▸ **WORK TASK**
Lines in the data below that contain the word "Water" are to be copied.

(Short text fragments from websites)
*** Begin section ***
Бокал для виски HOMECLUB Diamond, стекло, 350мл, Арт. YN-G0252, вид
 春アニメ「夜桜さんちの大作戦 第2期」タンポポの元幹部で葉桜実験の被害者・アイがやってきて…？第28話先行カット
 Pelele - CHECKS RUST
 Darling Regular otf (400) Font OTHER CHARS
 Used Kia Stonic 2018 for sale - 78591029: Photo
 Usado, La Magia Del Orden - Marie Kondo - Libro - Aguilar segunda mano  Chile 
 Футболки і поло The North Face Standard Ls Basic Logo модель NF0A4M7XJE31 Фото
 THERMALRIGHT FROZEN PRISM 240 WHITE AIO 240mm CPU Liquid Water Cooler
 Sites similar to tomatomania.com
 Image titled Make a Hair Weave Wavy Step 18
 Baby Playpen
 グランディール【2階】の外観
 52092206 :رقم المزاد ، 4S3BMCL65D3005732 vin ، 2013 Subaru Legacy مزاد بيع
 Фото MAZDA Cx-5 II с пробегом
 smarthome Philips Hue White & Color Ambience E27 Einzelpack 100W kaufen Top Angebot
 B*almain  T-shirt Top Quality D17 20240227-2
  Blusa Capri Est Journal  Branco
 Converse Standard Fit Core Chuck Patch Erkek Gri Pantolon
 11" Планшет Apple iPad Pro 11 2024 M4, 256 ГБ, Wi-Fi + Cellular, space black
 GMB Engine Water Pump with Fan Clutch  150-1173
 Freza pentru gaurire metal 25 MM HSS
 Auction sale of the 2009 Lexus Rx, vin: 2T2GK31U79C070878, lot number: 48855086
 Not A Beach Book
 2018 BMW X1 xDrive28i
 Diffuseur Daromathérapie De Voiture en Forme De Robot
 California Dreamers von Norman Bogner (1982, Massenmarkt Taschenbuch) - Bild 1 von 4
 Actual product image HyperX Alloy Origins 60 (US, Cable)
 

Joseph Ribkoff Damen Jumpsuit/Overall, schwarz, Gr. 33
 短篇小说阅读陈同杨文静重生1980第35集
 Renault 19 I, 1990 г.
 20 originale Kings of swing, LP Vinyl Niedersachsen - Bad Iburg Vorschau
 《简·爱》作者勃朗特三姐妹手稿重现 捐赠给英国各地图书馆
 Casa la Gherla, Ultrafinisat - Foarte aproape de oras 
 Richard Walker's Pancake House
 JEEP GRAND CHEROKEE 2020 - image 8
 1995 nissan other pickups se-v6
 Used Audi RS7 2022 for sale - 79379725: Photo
*** End section ***
▸ **RESPONSE AREA**
 THERMALRIGHT FROZEN PRISM 240 WHITE AIO 240mm CPU Liquid Water Cooler
 GMB Engine Water Pump with Fan Clutch  150-1173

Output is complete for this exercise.